You need a gear that you can maintain a steady pace with....all that (unsustainable) surging that people do while climbing is their downfall.



joelhunn said:


> The technical climbing over rocks and roots is probably as much technique as conditioning. Hopefully it will come


That's about right, people with one or the other will usually struggle, people with both don't.


----------



## Slowdownhill (Oct 20, 2015)

If you can find riding partners who are just a bit better, it may help to focus on the fun and disregard the pain. You may be stronger than you think.


----------



## WHALENARD (Feb 21, 2010)




----------



## HHL (Nov 24, 2004)

Hills of any kind have the potential to be like an interval workout. You spin until you've reached your max where you aren't in pain, sucking for wind, you get off and walk for 4-5 minutes and then go again. You will eventually not need to stop as much, or at all depending on the craziness of the hills. Listen to your body and learn about what happens when you spend 7-12 seconds at max output (7 seconds, and you can keep going for awhile, 12 seconds, and you are fried for awhile). Learn to stop your "interval" before you do that. The smaller chainring as suggested, will help. You can stand and pedal for a change of pace, but you have to back off your cadence or you will hit max output quickly. After 51, forcing the issue is a game of diminishing returns. Be willing to walk.


----------



## Cayenne_Pepa (Dec 18, 2007)

OP don't need 12-speed. However, a 28t chaninring will greatly take the sting out of those climbs. Go back to 32t when the climbing skills catch up...


----------



## HHL (Nov 24, 2004)

Nice allegory, Whalenard, I think?


----------



## J.B. Weld (Aug 13, 2012)

joelhunn said:


> Thanks for all of the replies. My ride that really hurt was 10 miles mostly single track with 1400 ft of climbing. I think I may go 28 up front for awhile until I get my strength up. The technical climbing over rocks and roots is probably as much technique as conditioning. Hopefully it will come


1,400' in 10 miles is a lot of climbing, don't think of 28t as a crutch of any sort or something you need to progress out of.


----------



## veloborealis (Oct 25, 2009)

Have you analyzed how your bike fits you? Small adjustments in saddle position (height, fore and aft) make a big difference for me, especially in climbing.
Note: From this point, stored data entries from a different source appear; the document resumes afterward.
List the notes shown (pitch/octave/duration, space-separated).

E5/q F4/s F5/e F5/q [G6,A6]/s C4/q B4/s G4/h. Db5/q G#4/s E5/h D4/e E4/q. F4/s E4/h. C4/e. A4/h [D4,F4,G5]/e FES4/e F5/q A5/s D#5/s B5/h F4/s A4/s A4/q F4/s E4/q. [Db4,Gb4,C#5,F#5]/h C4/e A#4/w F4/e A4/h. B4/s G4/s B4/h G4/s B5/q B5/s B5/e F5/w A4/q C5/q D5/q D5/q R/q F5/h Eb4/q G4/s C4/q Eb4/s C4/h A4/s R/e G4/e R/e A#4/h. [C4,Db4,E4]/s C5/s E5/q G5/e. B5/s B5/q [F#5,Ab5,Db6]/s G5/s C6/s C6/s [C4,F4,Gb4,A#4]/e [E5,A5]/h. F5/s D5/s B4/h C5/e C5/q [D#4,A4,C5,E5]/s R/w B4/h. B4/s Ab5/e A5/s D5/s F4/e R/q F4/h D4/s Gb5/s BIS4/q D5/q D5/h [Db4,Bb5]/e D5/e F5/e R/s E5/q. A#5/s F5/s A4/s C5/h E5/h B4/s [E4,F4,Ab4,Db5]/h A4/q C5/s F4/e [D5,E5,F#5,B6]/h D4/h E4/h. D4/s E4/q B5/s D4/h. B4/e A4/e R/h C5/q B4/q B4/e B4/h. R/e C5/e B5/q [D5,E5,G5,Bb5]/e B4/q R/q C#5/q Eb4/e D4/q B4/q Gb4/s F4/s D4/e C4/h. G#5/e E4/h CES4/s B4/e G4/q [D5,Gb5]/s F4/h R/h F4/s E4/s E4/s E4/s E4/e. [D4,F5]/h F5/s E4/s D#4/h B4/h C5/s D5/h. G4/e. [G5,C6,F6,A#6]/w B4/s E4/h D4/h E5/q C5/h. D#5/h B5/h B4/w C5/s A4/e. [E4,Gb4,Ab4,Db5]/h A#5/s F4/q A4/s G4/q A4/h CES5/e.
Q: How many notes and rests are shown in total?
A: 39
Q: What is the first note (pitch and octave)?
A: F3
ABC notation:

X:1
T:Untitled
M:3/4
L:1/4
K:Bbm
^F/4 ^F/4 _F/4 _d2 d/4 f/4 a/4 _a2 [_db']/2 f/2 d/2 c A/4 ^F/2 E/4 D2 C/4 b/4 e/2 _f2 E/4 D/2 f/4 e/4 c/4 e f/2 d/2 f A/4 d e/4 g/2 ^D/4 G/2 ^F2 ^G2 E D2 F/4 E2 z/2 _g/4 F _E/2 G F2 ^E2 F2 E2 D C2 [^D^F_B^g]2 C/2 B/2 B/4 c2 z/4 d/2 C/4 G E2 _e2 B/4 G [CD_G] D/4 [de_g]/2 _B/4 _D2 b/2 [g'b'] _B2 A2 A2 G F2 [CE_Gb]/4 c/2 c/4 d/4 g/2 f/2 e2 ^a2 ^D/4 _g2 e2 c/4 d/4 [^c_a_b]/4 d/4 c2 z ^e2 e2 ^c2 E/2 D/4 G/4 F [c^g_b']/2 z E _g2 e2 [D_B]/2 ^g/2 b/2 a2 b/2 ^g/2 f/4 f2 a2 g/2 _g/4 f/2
Being able to pull back on the bars through the pedal cycle seems to help amplify power, in my case at least. I've been making some small gains in climbing speed and endurance recently by, in part, tweaking my position on the bike.


----------



## WHALENARD (Feb 21, 2010)

HHL said:


> Nice allegory, Whalenard, I think?


Absolutely


----------



## Lone Rager (Dec 13, 2013)

Don't ride up grades less. Ride lesser upgrades. 

(or something like that)


----------



## jrm (Jan 12, 2004)

agree on the 30t chainring. For me it comes down to relaxing the upper body, opening my chest to breath, pushing the pedals thru the heals and just spinning, like you would on a road bike.


----------



## 33red (Jan 5, 2016)

I agree with post # 2 28 front, look youtube for visual(technique)...
Practice. 
Focus on exhaling, it makes room for fresh air and smile.
We should be totally relaxed except for the muscles needed.
I would always stay seated(easier to maintain traction) for a few months.
Riders in your area know the proper tire.


----------



## scatterbrained (Mar 11, 2008)

Get a smart trainer and do some climbing on Zwift.


----------



## Sanchofula (Dec 30, 2007)

Same here, 26 x 11-51 Shimano XT 12 so, I rarely walk, just sit and spin, having a wide range allows me to choose how hard I want to work.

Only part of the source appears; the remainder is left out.